Anybody can write - right?
Sure.
But do you want just anybody writing the help or the administrator's guide for your product?
Your product development team has worked hard to bring a vision into being. You wouldn't have spent the time and effort on it if you didn't believe - passionately - that the project could meet your customers' needs in a way no other product can do. Your team wouldn't have put their hearts and souls into developing this product unless they believed in it. Doesn't your team deserve to have their brilliant work showcased? To put that another way: Shouldn't you give this product the best possible shot at success?
Great product documentation shows your customers how simple it is to use your product, and makes them want to try out all its features. Because as complex and sophisticated as the design may be, as elegant as the code may be, what's going to sell your product is the perception that it's robust, reliable, and easy to use. Great product documentation gives your customers the confidence to get familiar with the product - and once they've cleared that hurdle, the product looks a lot easier to use.
What does great product documentation look like? Like Supreme Court Justice Potter Stewart, you probably know it when you see it. But what is it that you see?
In great documentation, you see little about the product's capabilities or design philosophy. Instead you see information about how people can use the product to accomplish what they want to do. It's about your customers first.
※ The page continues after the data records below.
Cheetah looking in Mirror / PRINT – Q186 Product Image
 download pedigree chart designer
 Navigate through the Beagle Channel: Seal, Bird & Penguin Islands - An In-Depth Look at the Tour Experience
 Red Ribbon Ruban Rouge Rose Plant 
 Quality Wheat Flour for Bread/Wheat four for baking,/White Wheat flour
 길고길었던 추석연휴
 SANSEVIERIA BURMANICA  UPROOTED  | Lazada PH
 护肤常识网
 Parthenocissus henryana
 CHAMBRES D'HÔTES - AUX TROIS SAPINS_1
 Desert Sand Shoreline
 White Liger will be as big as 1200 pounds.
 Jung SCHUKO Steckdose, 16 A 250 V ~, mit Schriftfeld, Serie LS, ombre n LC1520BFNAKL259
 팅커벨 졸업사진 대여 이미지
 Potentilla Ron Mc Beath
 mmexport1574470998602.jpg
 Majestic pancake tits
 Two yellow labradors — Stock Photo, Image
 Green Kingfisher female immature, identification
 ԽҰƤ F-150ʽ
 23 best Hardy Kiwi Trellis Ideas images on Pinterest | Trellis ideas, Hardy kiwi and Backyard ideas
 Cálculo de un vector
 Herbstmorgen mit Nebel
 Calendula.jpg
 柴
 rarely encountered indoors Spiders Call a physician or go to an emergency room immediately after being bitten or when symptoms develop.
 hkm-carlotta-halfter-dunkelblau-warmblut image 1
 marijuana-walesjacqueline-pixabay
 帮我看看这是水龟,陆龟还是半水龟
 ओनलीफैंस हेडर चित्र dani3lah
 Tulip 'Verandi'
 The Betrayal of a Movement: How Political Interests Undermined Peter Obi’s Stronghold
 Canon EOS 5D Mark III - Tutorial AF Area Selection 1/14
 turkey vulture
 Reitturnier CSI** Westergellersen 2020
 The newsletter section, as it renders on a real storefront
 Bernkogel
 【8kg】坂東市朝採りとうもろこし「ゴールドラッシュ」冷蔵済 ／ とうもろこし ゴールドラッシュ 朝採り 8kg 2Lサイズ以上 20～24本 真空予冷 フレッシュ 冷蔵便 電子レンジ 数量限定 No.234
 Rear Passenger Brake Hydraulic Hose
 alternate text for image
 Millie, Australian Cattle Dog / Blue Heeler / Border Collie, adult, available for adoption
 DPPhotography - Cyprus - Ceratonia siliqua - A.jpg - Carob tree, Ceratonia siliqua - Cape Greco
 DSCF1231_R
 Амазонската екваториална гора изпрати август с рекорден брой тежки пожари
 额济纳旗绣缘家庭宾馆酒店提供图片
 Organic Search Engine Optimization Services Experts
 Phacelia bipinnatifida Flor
It's easy to make the business case for top-notch product documentation - be it installation drawings, administrator's guides, quick tip sheets, or help: If that's part of the package, you'll win more competitive evaluations, and you'll spend less on technical support. And amazing as it may be, it takes fewer words and less time to communicate the people-centric information that your customers need than the design-centric material that they dread - so even the direct cost of creating great product documentation is lower than the direct cost of creating lower-quality material.
Move your product documentation out of the box. Put it on the winner's platform - along with your great product.